Understanding your Sponsors

Before setting your goals and starting to reach out to sponsors, it's extremely necessary to understand them and their perspective towards supporting hackathons.

Sponsorship is one of the most crucial parts of every hackathon. When you're reaching out to sponsors, it's necessary to understand their perspective of supporting your hackathon and the outcome they're expecting out of it. You should consider this as a sales pitch for your hackathon. To understand it further, let's first understand the different types of sponsors hackathons generally target to.

Hackathons target five categories of sponsors:

  • Financial/ Monetary Sponsors — Companies that pay for services like having their logo on your website (most sponsors fall into this category).

    • Presenting Sponsors — Companies that co-host or co-brand your event (be careful not to give up too much control here). These are a kind of Fiscal Sponsors+

  • In-kind Sponsors — Companies that donate services or goods for free like hardware or platform credits.

  • Strategic/ Media Partners — Companies that help with marketing and promotion; often publications.

  • Community Partners — Companies that can help you recruit hackers, mentors, judges, or volunteers from their community for free.

Please note that these are all broad categories and there will be sponsors that can fit into multiple categories at once as well.

We often see companies attempting to give away free credits or swag to avoid paying a sponsorship fee. We recommend steering clear of these engagements or evaluating these opportunities on a case-by-case basis using the guide we wrote for you below.

Evaluating in-kind Sponsorship

Now when we have enough information about what category a sponsor might lie in, we should try to understand what their goal or primary reason might be to support your hackathon.

Sponsors support hackathons for three primary reasons:

  • To get real-time feedback on their products, especially APIs and development tools.

  • To raise awareness (or change the perception) of their brand/ product or service.

  • To recruit interns and full-time employees, especially during the fall season.

Other than the three primary reasons, sponsors might have their region targeted goals as well which can be a driving factor for them to help your hackathon out. Working with them to send specific stats about your event to help their process can be a great way to improve your chances of sponsorship.

For partners generally, the reason for support can be related to alignment with community values, increasing engagement or general awareness as well.
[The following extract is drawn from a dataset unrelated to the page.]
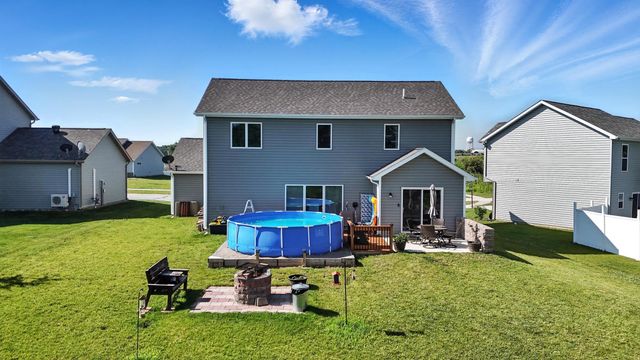 687 Sully Court, Angola, IN 46703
Since you have understood the way to target your sponsors and their reasons to support your hackathon, you should now be aware of the different concerns they might have.

Sponsors’ top practical concerns:

  1. Attendee Value

    • Are your hackathon’s attendees a good fit for the company in terms of recruiting, marketing, etc.?

    • How hard is it for companies to reach this audience without your help?

  2. Who else is sponsoring?

    • Depending on the sponsor, your other backers will matter. Some companies prefer to sponsor events their competitors sponsor, whereas others want to ensure they’re the biggest name on your roster.

  3. Package Value

    • Are they getting their money’s worth?

  4. The Force (a.k.a. their gut feel)

    • How do the sponsors feel about your competency: is the event well-organized so far? Have you been professional in all communications?

While setting your goals, take all of these points into consideration and make different categories of people you need to target. Creating specific Sponsorship Prospectus for different target companies can be a great way to help them understand the value of associating their brand with your hackathon.